De bacon op de kalkoen is aangebrand. -1
JE BENT DE AARDAPPELEN IN DE OVEN VAN DE BUREN VERGETEN EN DIE ZIJN AL VERTROKKEN NAAR HUN KERSTDINER! -1
Je schoonzus zegt tegen de kinderen: “Dat is geen kip maar kalkoen!”. -4
De kat/hond geeft over op het tapijt (wie heeft dat beest kip/kalkoen gegeven?!) -2
Na 3 minuten zeggen de kinderen: “Wij zijn klaar!” En zijn er 3 van tafel. Je bent de enige die het lijkt te zien. -3
De kinderen hebben alleen kalkoen gegeten en hun groente niet aangeraakt. -1
Je wordt boos besluit het te laten gaan. +5!

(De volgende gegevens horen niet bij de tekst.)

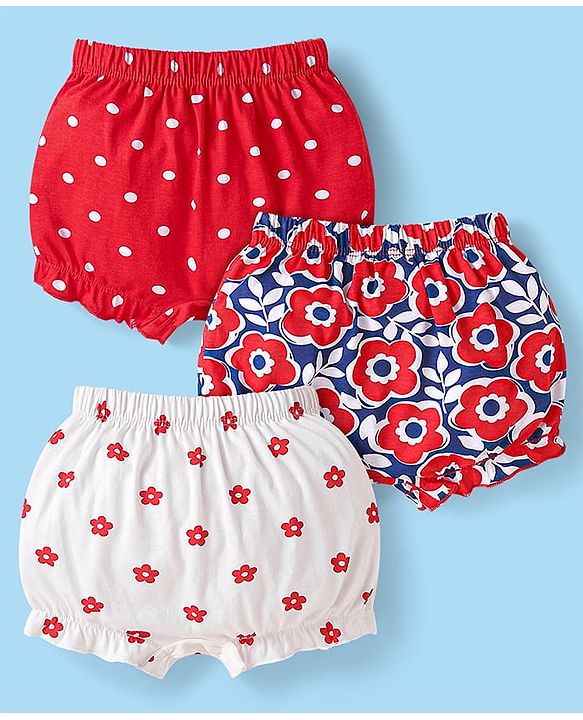 Babyhug 100% Cotton Knit Bloomers with Floral & Polka Dots Print Pack of 3 - Red & White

Iemand zegt: “Lekker!” De rest knikt. +2
Er zijn meer dan 3 kerstballen gesneuveld. -1
Geen van de gasten voelt de behoefte het op te ruimen. -3
Er zijn kindervoetjes in die kerstballen gaan staan. -2
Je oom begint kerstliedjes te zingen. +2
De kinderen vinden de film nu al een half uur leuk. +3
Er gaat een glas witte rode wijn over het tapijt. -3
Een van de gasten gelooft heilig in het verhaal dat je er dan een kilo zout overheen moet gooien. -1
Waar de rest van de avond iedereen doorheen loopt. -4
Je schoonzus vertrekt al voor het toetje, want de kinderen moeten thuis nog eten. +2
Je begint lekker draaierig te worden. +1
Je moeder blijkt de hele keuken alweer te hebben opgeruimd. +4
Je tante serveert het dessert. +1
Je voelt dat je weer kunt ontspannen en dat er eigenlijk niks meer mis kan gaan. +6
Je schenkt jezelf nog een bodempje wijn in (weer vergeten tussendoor water te drinken!). -2
Je vraagt je af waar je peuter is, al driekwartier niets van vernomen. -1
Blijkt dat oma ‘m op bed heeft gelegd en hij in diepe slaap is. +4
Uitslag:
Eindig je in de min? Dan was het een klotekerst. Met oud & nieuw kan je in herkansing. Vervang dan de kapotte kerstballen voor vuurwerk.
Eindig je in de plus? Dan heb je vast geen kinderen.